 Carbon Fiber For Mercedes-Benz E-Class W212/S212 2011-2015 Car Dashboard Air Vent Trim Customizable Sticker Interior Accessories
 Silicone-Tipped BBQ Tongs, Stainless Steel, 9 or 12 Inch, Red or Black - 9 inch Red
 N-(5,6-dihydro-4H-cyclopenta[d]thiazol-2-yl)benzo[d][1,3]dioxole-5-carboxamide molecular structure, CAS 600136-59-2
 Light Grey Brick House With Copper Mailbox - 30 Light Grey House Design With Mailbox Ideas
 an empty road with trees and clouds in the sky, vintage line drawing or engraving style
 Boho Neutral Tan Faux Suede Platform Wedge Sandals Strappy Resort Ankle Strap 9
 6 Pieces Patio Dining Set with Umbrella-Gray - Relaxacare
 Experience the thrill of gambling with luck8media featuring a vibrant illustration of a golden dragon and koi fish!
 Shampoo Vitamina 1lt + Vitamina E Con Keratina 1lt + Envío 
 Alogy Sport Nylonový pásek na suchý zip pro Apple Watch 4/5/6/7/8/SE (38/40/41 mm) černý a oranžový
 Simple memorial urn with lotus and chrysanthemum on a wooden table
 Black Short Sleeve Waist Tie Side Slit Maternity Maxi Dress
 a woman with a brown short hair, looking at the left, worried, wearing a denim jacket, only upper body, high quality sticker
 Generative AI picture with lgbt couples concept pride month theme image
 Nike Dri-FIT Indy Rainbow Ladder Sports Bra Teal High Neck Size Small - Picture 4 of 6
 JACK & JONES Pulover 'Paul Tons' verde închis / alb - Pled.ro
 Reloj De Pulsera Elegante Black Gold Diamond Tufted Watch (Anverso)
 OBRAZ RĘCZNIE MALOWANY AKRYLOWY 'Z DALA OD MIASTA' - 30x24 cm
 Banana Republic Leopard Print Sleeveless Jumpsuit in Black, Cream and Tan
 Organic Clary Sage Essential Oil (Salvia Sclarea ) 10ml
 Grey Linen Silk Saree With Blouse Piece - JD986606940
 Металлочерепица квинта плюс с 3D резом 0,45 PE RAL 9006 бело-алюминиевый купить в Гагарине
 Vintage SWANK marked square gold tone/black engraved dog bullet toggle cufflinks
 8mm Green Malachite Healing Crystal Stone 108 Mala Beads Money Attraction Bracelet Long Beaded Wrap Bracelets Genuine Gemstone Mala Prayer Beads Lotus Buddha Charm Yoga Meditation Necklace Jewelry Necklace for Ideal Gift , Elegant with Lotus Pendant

*What this task involves*. Retype the entire listing word for word.

*The completed task*.
 Carbon Fiber For Mercedes-Benz E-Class W212/S212 2011-2015 Car Dashboard Air Vent Trim Customizable Sticker Interior Accessories
 Silicone-Tipped BBQ Tongs, Stainless Steel, 9 or 12 Inch, Red or Black - 9 inch Red
 N-(5,6-dihydro-4H-cyclopenta[d]thiazol-2-yl)benzo[d][1,3]dioxole-5-carboxamide molecular structure, CAS 600136-59-2
 Light Grey Brick House With Copper Mailbox - 30 Light Grey House Design With Mailbox Ideas
 an empty road with trees and clouds in the sky, vintage line drawing or engraving style
 Boho Neutral Tan Faux Suede Platform Wedge Sandals Strappy Resort Ankle Strap 9
 6 Pieces Patio Dining Set with Umbrella-Gray - Relaxacare
 Experience the thrill of gambling with luck8media featuring a vibrant illustration of a golden dragon and koi fish!
 Shampoo Vitamina 1lt + Vitamina E Con Keratina 1lt + Envío 
 Alogy Sport Nylonový pásek na suchý zip pro Apple Watch 4/5/6/7/8/SE (38/40/41 mm) černý a oranžový
 Simple memorial urn with lotus and chrysanthemum on a wooden table
 Black Short Sleeve Waist Tie Side Slit Maternity Maxi Dress
 a woman with a brown short hair, looking at the left, worried, wearing a denim jacket, only upper body, high quality sticker
 Generative AI picture with lgbt couples concept pride month theme image
 Nike Dri-FIT Indy Rainbow Ladder Sports Bra Teal High Neck Size Small - Picture 4 of 6
 JACK & JONES Pulover 'Paul Tons' verde închis / alb - Pled.ro
 Reloj De Pulsera Elegante Black Gold Diamond Tufted Watch (Anverso)
 OBRAZ RĘCZNIE MALOWANY AKRYLOWY 'Z DALA OD MIASTA' - 30x24 cm
 Banana Republic Leopard Print Sleeveless Jumpsuit in Black, Cream and Tan
 Organic Clary Sage Essential Oil (Salvia Sclarea ) 10ml
 Grey Linen Silk Saree With Blouse Piece - JD986606940
 Металлочерепица квинта плюс с 3D резом 0,45 PE RAL 9006 бело-алюминиевый купить в Гагарине
 Vintage SWANK marked square gold tone/black engraved dog bullet toggle cufflinks
 8mm Green Malachite Healing Crystal Stone 108 Mala Beads Money Attraction Bracelet Long Beaded Wrap Bracelets Genuine Gemstone Mala Prayer Beads Lotus Buddha Charm Yoga Meditation Necklace Jewelry Necklace for Ideal Gift , Elegant with Lotus Pendant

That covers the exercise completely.